Pictures stay out of the copy. Retype exactly the lines below from the one with "Sunlit tall glass" through the one with "Bright, open living".

Records for processing:

-- Opening Marker --

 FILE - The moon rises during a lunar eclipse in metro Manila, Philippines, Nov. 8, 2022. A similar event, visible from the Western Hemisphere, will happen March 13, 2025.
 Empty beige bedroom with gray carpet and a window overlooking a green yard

-- Closing Marker --
-- Opening Marker --

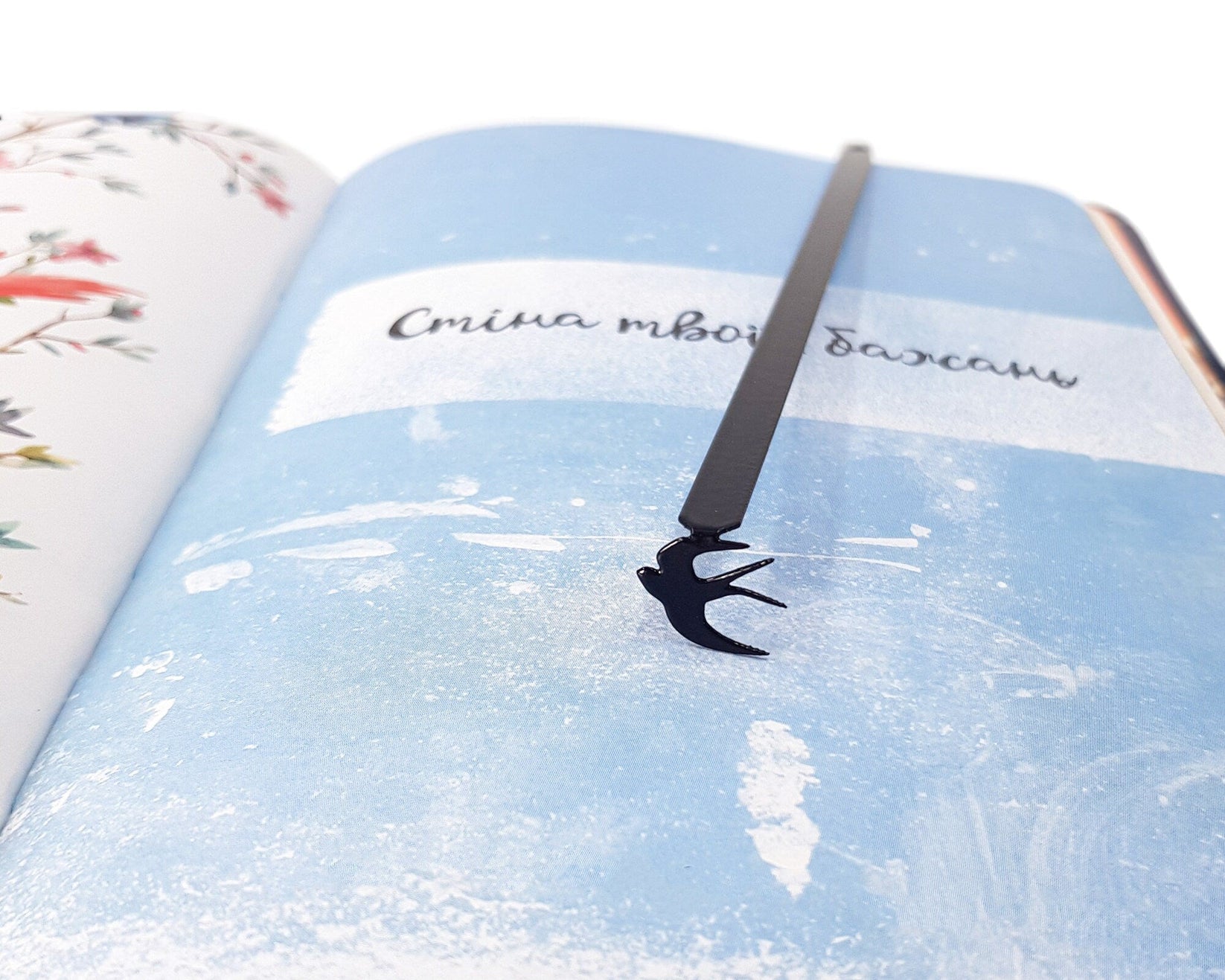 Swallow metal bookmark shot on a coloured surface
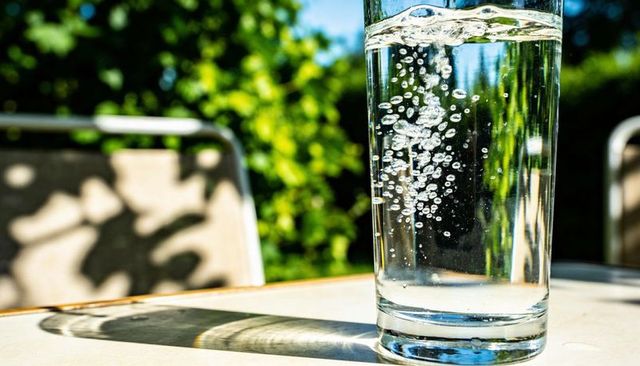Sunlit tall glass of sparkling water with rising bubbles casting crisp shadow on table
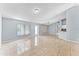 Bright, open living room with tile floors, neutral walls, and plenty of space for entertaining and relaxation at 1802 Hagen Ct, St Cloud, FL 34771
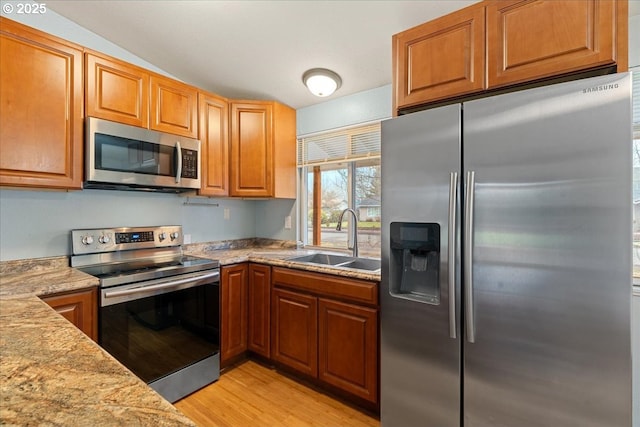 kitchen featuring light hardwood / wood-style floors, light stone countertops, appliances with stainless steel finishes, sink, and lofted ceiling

-- Closing Marker --

Result of this task:
Sunlit tall glass of sparkling water with rising bubbles casting crisp shadow on table
 Bright, open living room with tile floors, neutral walls, and plenty of space for entertaining and relaxation at 1802 Hagen Ct, St Cloud, FL 34771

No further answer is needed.